You get the picture.

Perhaps the saddest part of all of this is that we are talking about the tragedy of the travesty visited upon a cultural icon that once sat astride one of the intersections of American culture rather than yet another culture clashing cluster of a choice for its signature award. Where once I would have spent literally hours hashing out the editors’ decision to anoint Deion Sanders at SOTY in 2023, now we dissect the meaning of the cryptic droppings from the financial toilet bowl that owns SI. There really is a conversation to be had just about Deion Sanders for goodness sake. Lost in all of the gold chains and golden mirrored sunglasses is the fact that once upon a time he was a legit candidate for SOTY when he was an active professional athlete in both the NFL and MLB.

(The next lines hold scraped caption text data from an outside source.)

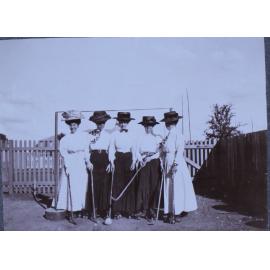 Five women with hockey sticks on rollers skates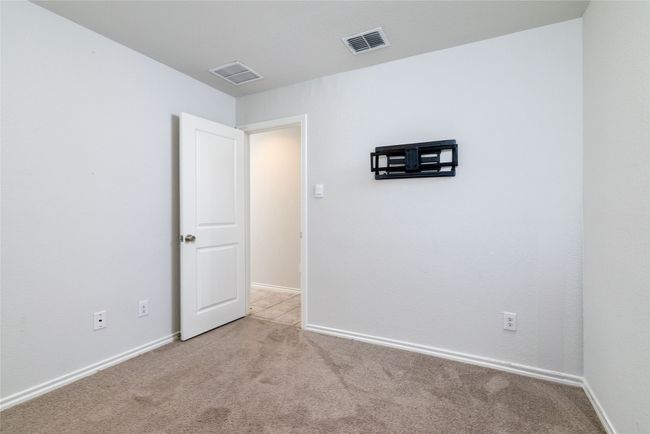 Empty room with light carpet and baseboards | Image 29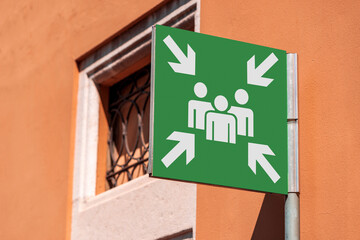Emergency assembly point. Closeup of a green sign in a city against an orange building. Outdoor...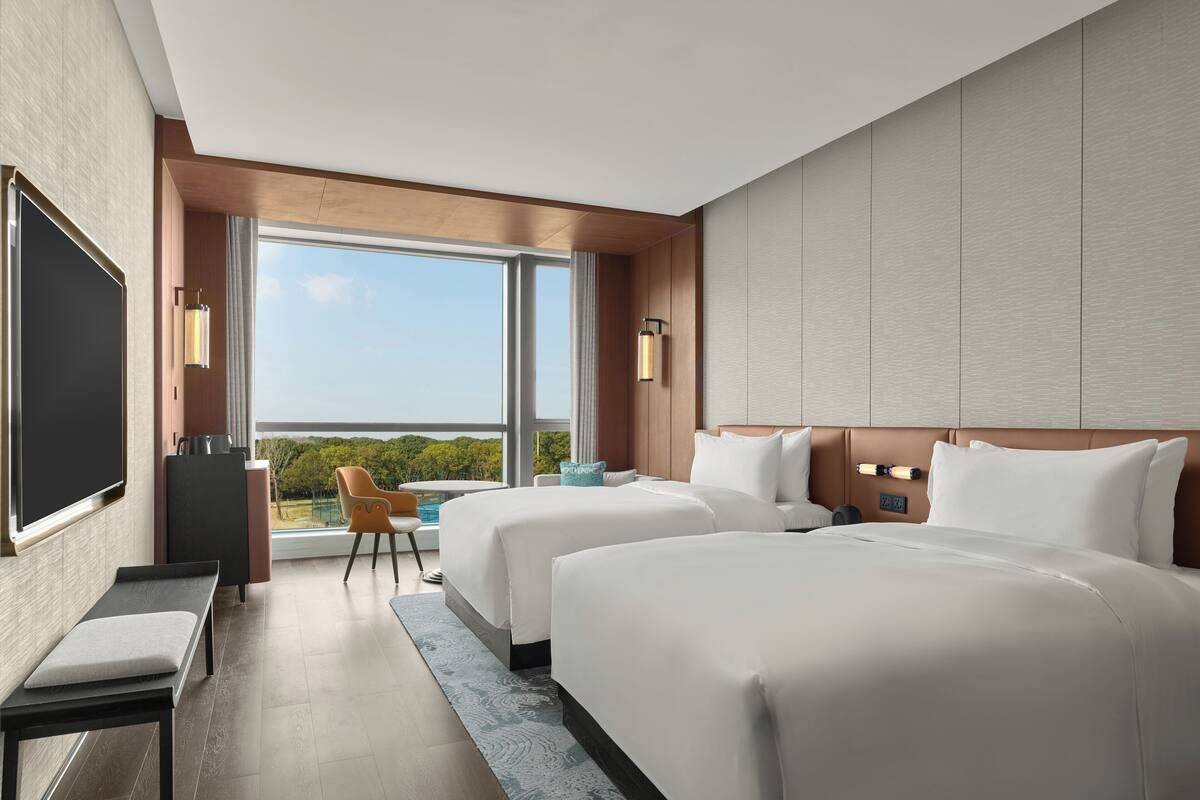 A hotel room with two beds, a TV, a desk, and a view of the outdoors.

It’s a shame. All of it. The long, slow, painful decline of this once great publication, from weekly must-read to monthly curio, and now oblivion. We should have gnashing of teeth, beating of breasts and wailing. Tears should be shed by the proverbial Gatorade bucketful. Like the famous poem about an athlete dying young we should be imploring someone, anyone, to rage against the dying of SI’s light.

For all that is so very wrong, we should all plead for someone to keep the last Sportsperson of the Year from being a college football coach with a losing record.